In the beginning, there is basically no difference between making a choice that is 1 percent better or 1 percent worse. (In other words, it won’t impact you very much today.) But as time goes on, these small improvements or declines compound and you suddenly find a very big gap between people who make slightly better decisions on a daily basis and those who don’t. This is why small choices … don’t make much of a difference at the time, but add up over the long-term.

This post came to my attention on my Precision Nutrition Team’s Facebook group.  This idea of marginal gains and small decisions is one of the main principles behind the Lean Eating program.  And it’s working for me.

When I say it’s working, I mean I feel good about what I’m doing. I haven’t seen dramatic changes since January, but I do feel more comfortable with my workouts and I’m achieving what I wanted to achieve food-wise–intuitive eating with a few tweaks on the nutrition front.

This approach also works for me in other areas of my life.
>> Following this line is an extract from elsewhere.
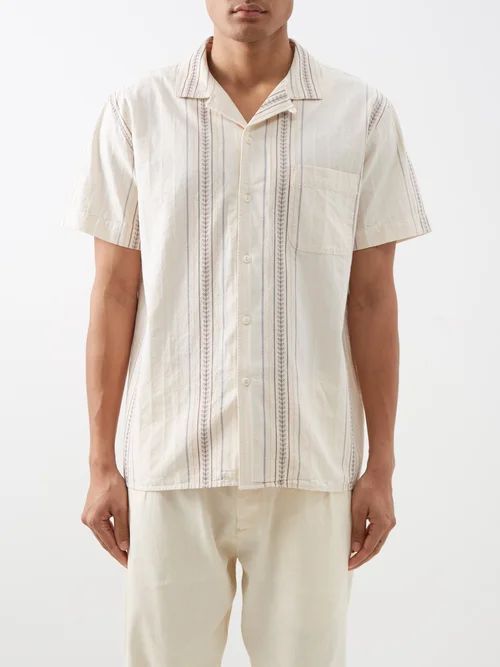 Malick Stripe-embroidered Cotton-jacquard Shirt - Mens - Cream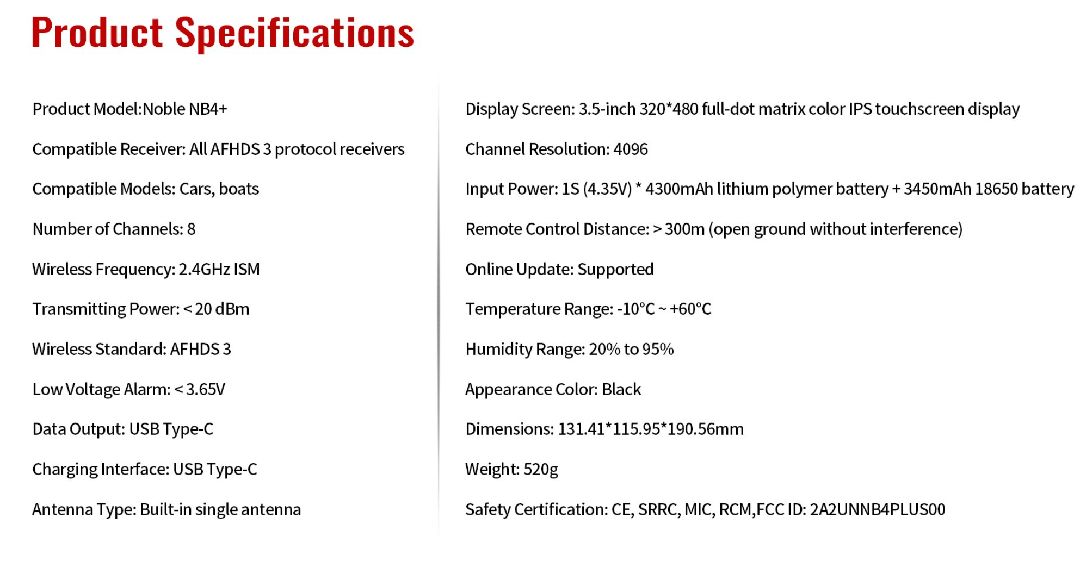 Flysky NB4+ Noble 2.4GHz (AFHDS3), 8Ch. Includes FGR4B x 1 - Click Image to Close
If I have a stack of grading, it’s much easier on me to approach it a few papers at a time rather than in a marathon grading session.  If I have writing to do, I can produce better pages in shorter order if I set aside 20-30 minutes a day to write than if I wait until I find that elusive stretch of uninterrupted time in my calendar.

With my running, I’ve increased my distance with the marginal gains idea.  In January I hadn’t ever covered more than 6K.  Now, 6K is a short run. I’ve gone as far as 13K at one time.  Maybe not yet a half marathon, but 3K more than I need to be able to do for the running portion of my Olympic distance triathlon.  I’ve also improved my swim times over the past few months by just showing up at the pool for the group training.

This approach feels almost effortless, which is why I like it so much.  And it’s a good reminder that things can get better as marginal gains accumulate, or worse as marginal losses add up.

Where can you make a marginal gain today?